** REQUIREMENT **
Emit a verbatim copy of the lines below from the line with "Trivium - Logo JD Print - Beanie" through the line with "A Kind Of Magic Book | Marshalls", excluding pictures and everything outside that range.

** DATA RECORDS **
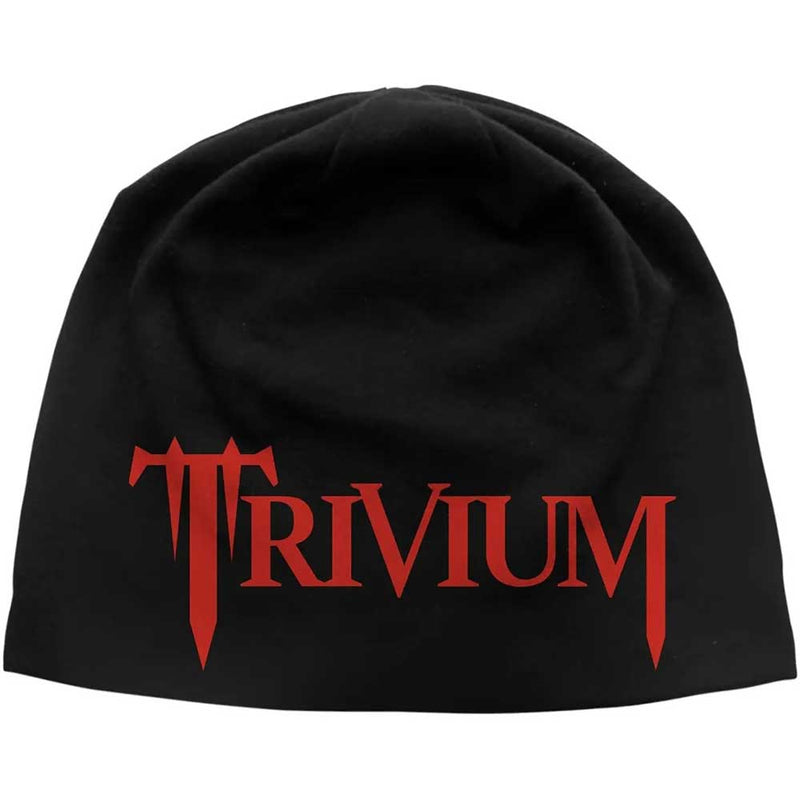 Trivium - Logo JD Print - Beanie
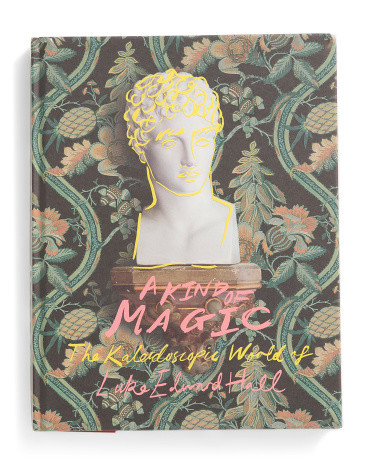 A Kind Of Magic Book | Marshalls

...

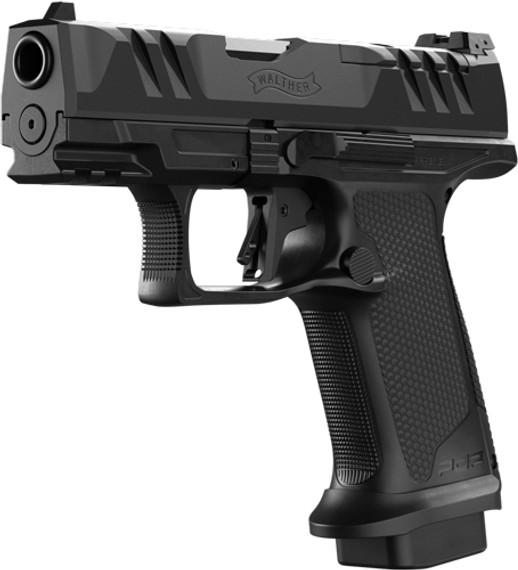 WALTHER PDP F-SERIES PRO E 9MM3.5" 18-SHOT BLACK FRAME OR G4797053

==

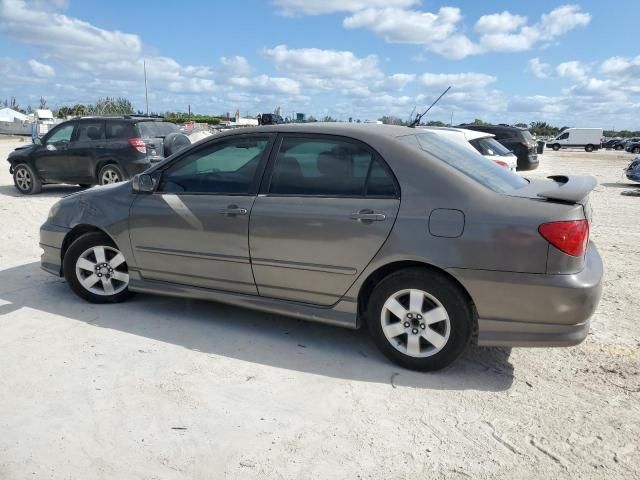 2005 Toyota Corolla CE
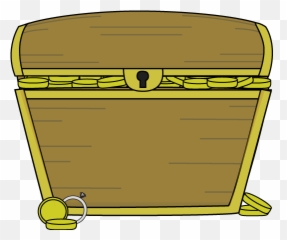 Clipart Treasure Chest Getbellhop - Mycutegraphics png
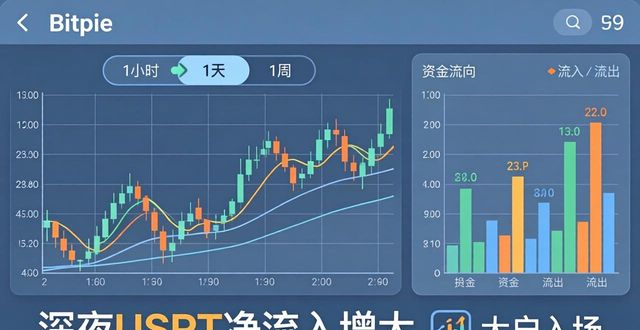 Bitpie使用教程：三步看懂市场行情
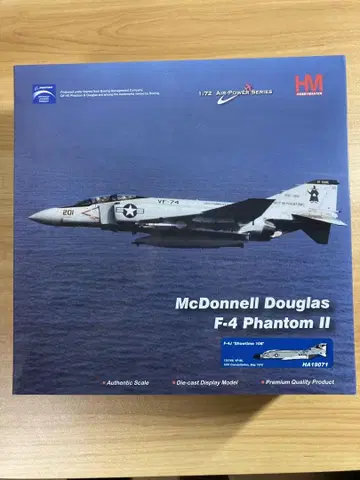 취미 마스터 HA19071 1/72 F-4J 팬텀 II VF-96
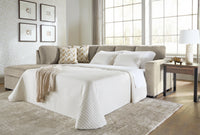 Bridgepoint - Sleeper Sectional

** OUTPUT OF THE TASK **
 Trivium - Logo JD Print - Beanie
 A Kind Of Magic Book | Marshalls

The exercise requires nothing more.